Apple posts strongest sales growth in four years, shares surge higher
Apple’s sales grew 17% and shares jumped 3.6%, but investors were still weighing strong demand against Tim Cook’s coming exit.
Apple’s biggest surprise was not just the size of its sales rebound, but how quickly the market turned it into a vote of confidence. The company reported fiscal second-quarter revenue of $111.2 billion, up 17% from a year earlier, and diluted earnings per share of $2.01, up 22%, sending shares 3.6% higher in early trading as investors latched onto the strongest quarterly growth in more than four years.

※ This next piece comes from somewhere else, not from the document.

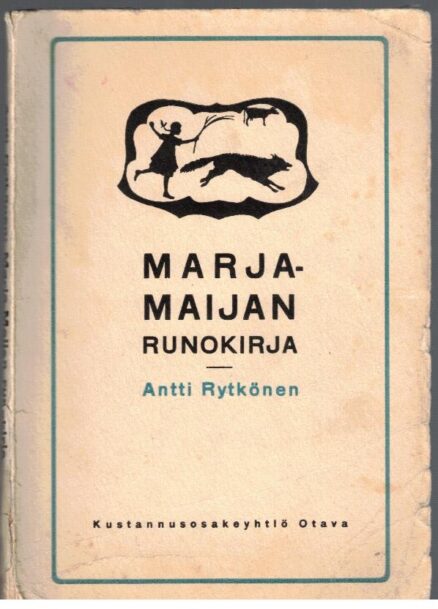 Marja-maijan runokirja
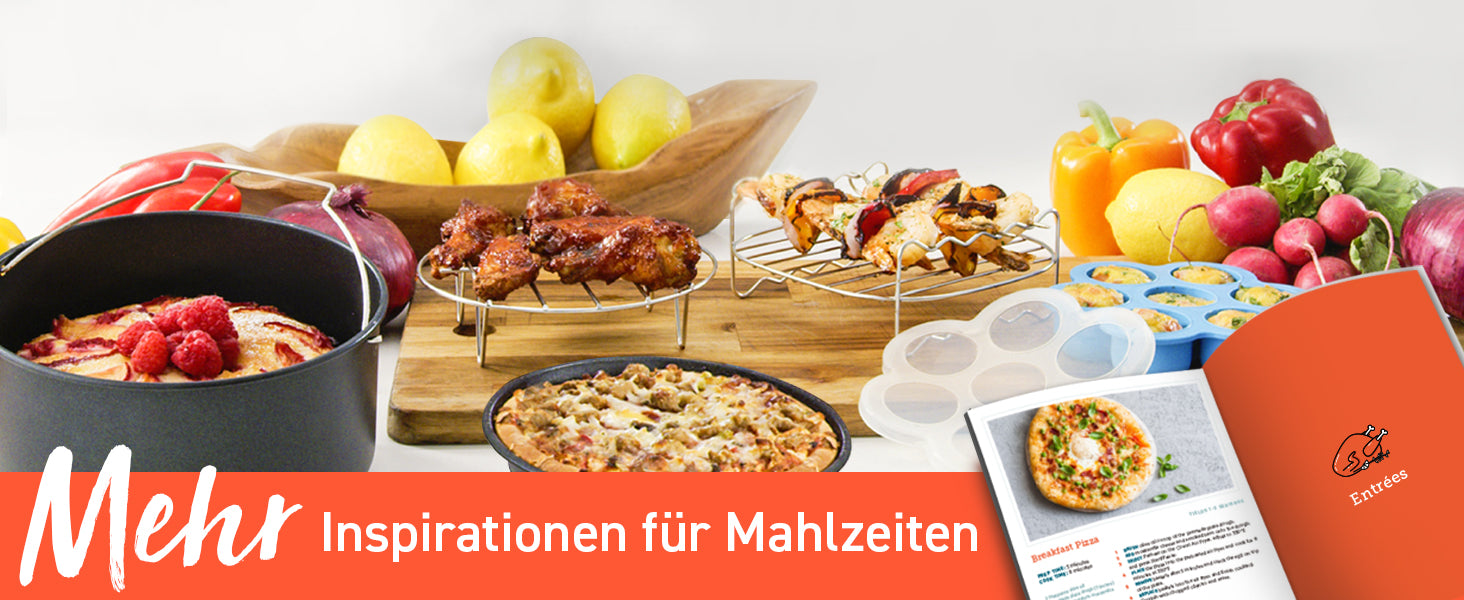 Mehr Inspirationen für Mahlzeiten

The results showed an Apple still drawing buyers even as broader consumer electronics demand remained soft and memory-chip costs climbed across the industry. Apple said the March quarter set records for total company revenue, iPhone revenue and EPS, while services revenue reached a new all-time high. iPhone revenue came in at about $57 billion, and the iPhone 17 family was the most popular lineup in company history, underscoring the pull of the company’s premium hardware cycle.

The strength extended beyond the flagship phone. Mac revenue was $8.4 billion, services brought in $30.98 billion, and revenue grew in every geographic region. Greater China stood out with 28% growth, giving the quarter a key international lift just as Apple faces pressure from supply constraints and higher component costs. Apple said those constraints affected both the March and June quarters, and it warned that the Mac supply-demand imbalance could last for several months.

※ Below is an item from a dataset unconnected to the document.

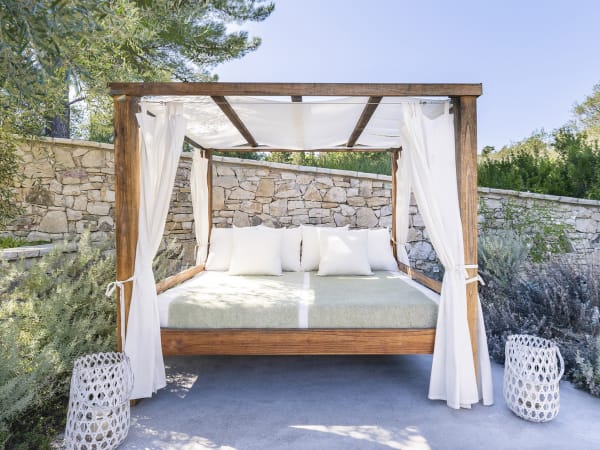 The perfect spot for an afternoon snooze.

Investors also got a forward view that still pointed to growth, even if the next few months carry more cost pressure. Apple said June-quarter revenue would rise 14% to 17% year over year, with gross margin expected between 47.5% and 48.5%. Tim Cook said rising memory costs would increasingly weigh on the company beginning in June, a reminder that the quarter’s beat did not erase the risk from inflation in key inputs.

At the same time, Apple used the earnings release to reinforce its capital-return discipline. The board authorized a new $100 billion share repurchase program and raised the quarterly dividend 4% to $0.27 per share. The dividend is payable May 14, 2026, to shareholders of record as of May 11, 2026.

But the largest question around Apple remains one that no buyback can answer. The company said Cook would transition to executive chairman on Sept. 1, 2026, with hardware chief John Ternus becoming chief executive. That succession announcement gives Apple a clear handoff, yet the market’s immediate response suggests something more fragile: confidence still rests on the assumption that the next act can preserve the same product momentum that lifted this quarter.